Over 40,000 people take their lives every year in America. Nowhere is this felt more deeply than for veterans and active duty military. Roughly 20 veterans commit suicide every day. In active duty military, suicide kills more troops in the Middle East than ISIL.

To complicate matters, getting help means navigating the serious stigma around mental illness. Many believe asking for help is a sign of weakness and they should just, “walk it off.” Nothing could be further from the truth.

Suicidal thoughts can be devastating, but it’s not your fault. Seeking assistance is one of the healthiest and most courageous decisions you can make for yourself and your family. That’s why we’re highlighting how to deal with suicidal thoughts and urges for National Suicide Prevention Awareness Month.

At the end of this article is a comprehensive list of resources for the Colorado Springs, Dallas, Denver, and Jacksonville areas.

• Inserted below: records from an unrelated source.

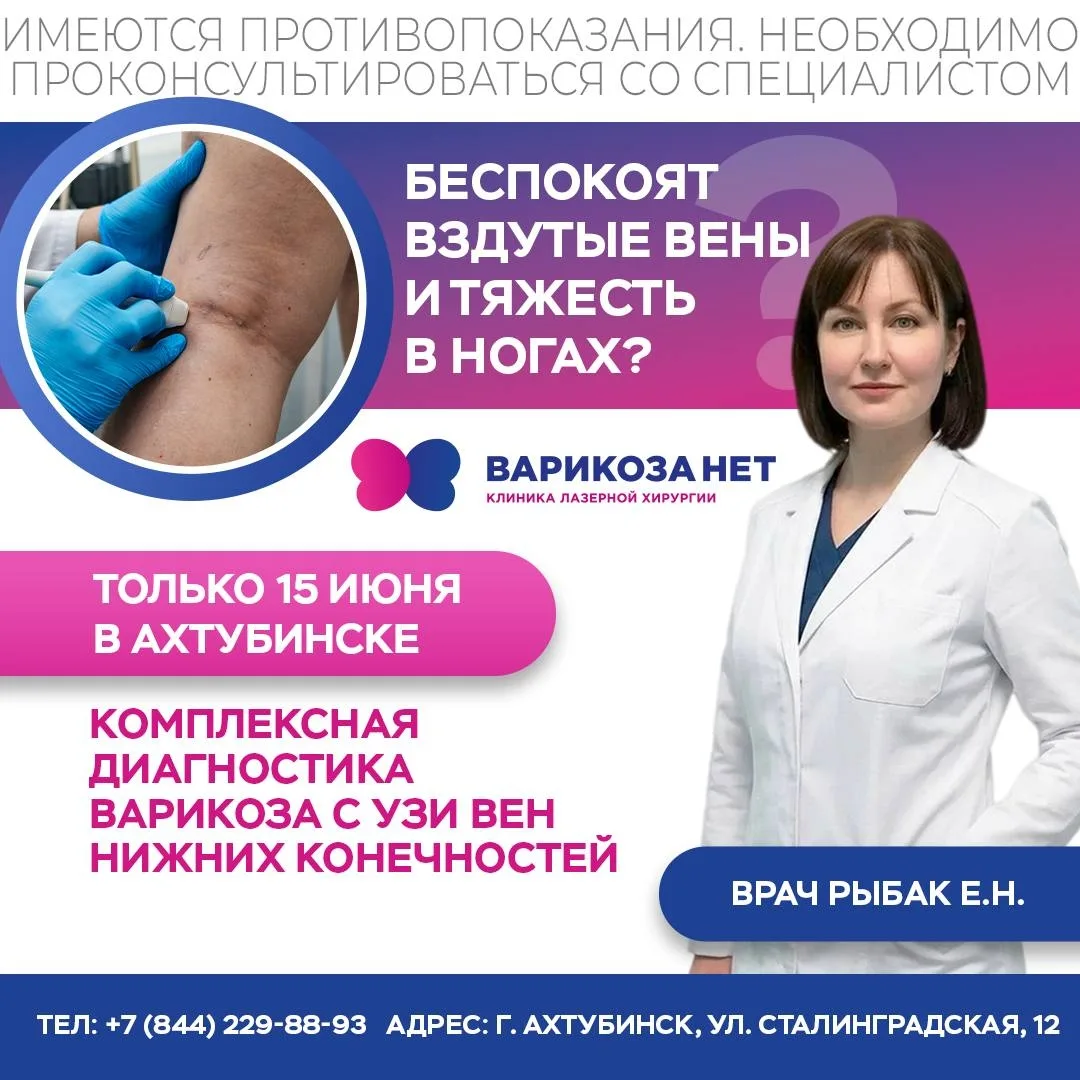 Беспокоят вздутые вены и тяжесть в ногах?
Это могут быть первые симптомы варикоза,и откладывать обс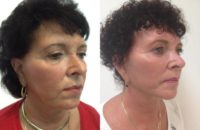 55-64 year old woman treated with Facelift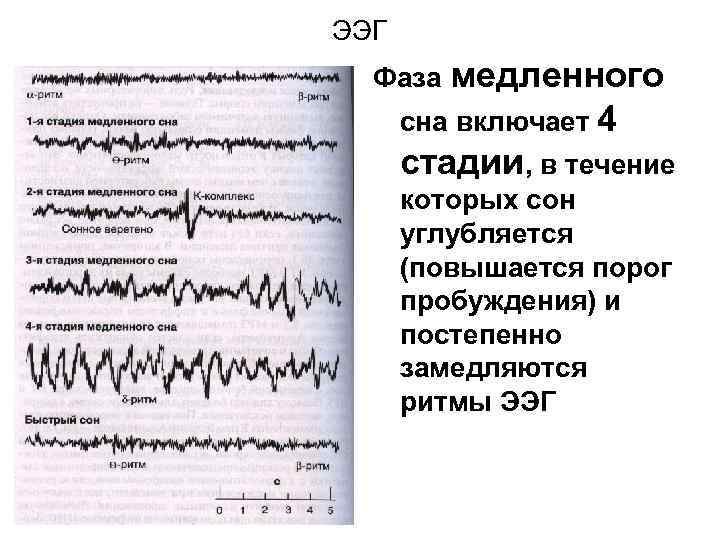 ЭЭГ Фаза медленного сна включает 4 стадии, в течение которых сон углубляется (повышается порог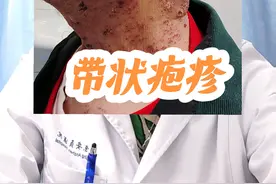 带状疱疹近期高发，注意不要过度疲劳，中老年可以接种疫苗预防带状疱疹#带状疱疹 #硬核健康科普行动 #年度健康知识干货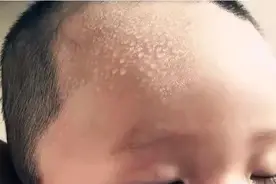 孩子晚上睡觉出汗多，可能是这3种疾病在作怪，家长要注意了图片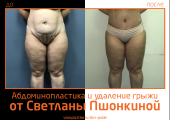 Светлана Пшонкина. Фото до и после абдоминопластики с удалением грыжи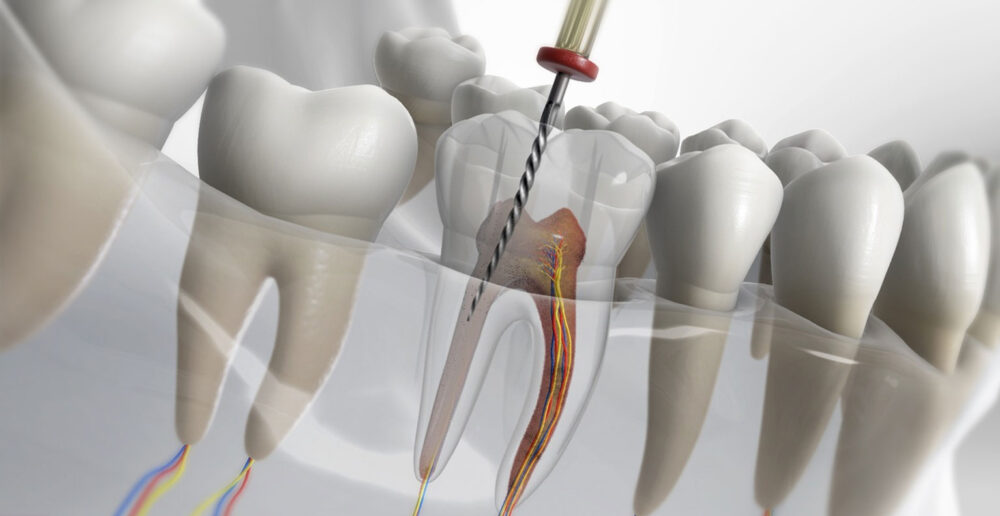 Ποιες είναι οι συνήθεις ενδοδοντικές θεραπείες;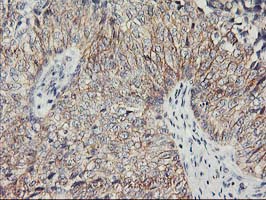 IHC of paraffin-embedded Carcinoma of Human bladder tissue using anti-PVRL1 mouse monoclonal antibody.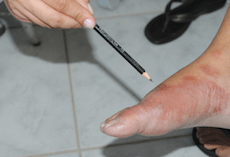Hanseníase (lepra), teste de sensibilidade e exame de laboratório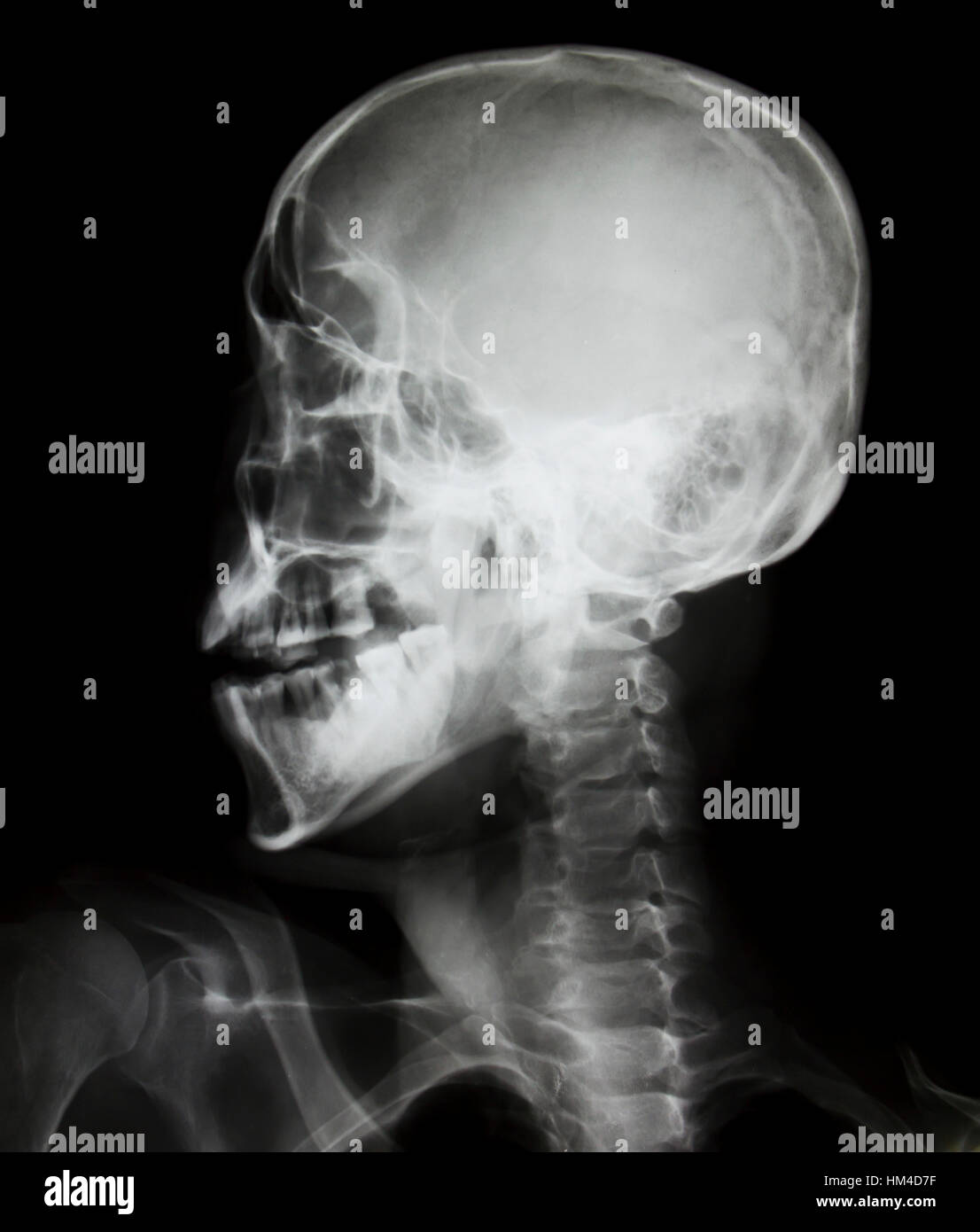 Detail of neck and head x-ray image Stock Photo - Alamy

If you or a loved one is struggling with suicidal thoughts, please seek help immediately.

Jump to a suicide prevention resources section: National Veteran Resources, Colorado Springs, Dallas, Denver, or Jacksonville.

Understanding Suicidal Thoughts

With all the myths surrounding this illness, it’s important to understand the exact causes of suicidal thoughts. Medical News Today defines them as…

Suicidal thoughts, also known as suicidal ideation, are thoughts about how to kill oneself, which can range from a detailed plan to a fleeting consideration and does not include the final act of killing oneself.

Whether a person really feels like they want to die or simply has these thoughts in passing, the situation is serious. When people feel trapped or hopeless, they may believe suicide is the only way out. These thoughts often triggered by an overwhelming situation in life and those in families with a history of suicide are at a higher risk.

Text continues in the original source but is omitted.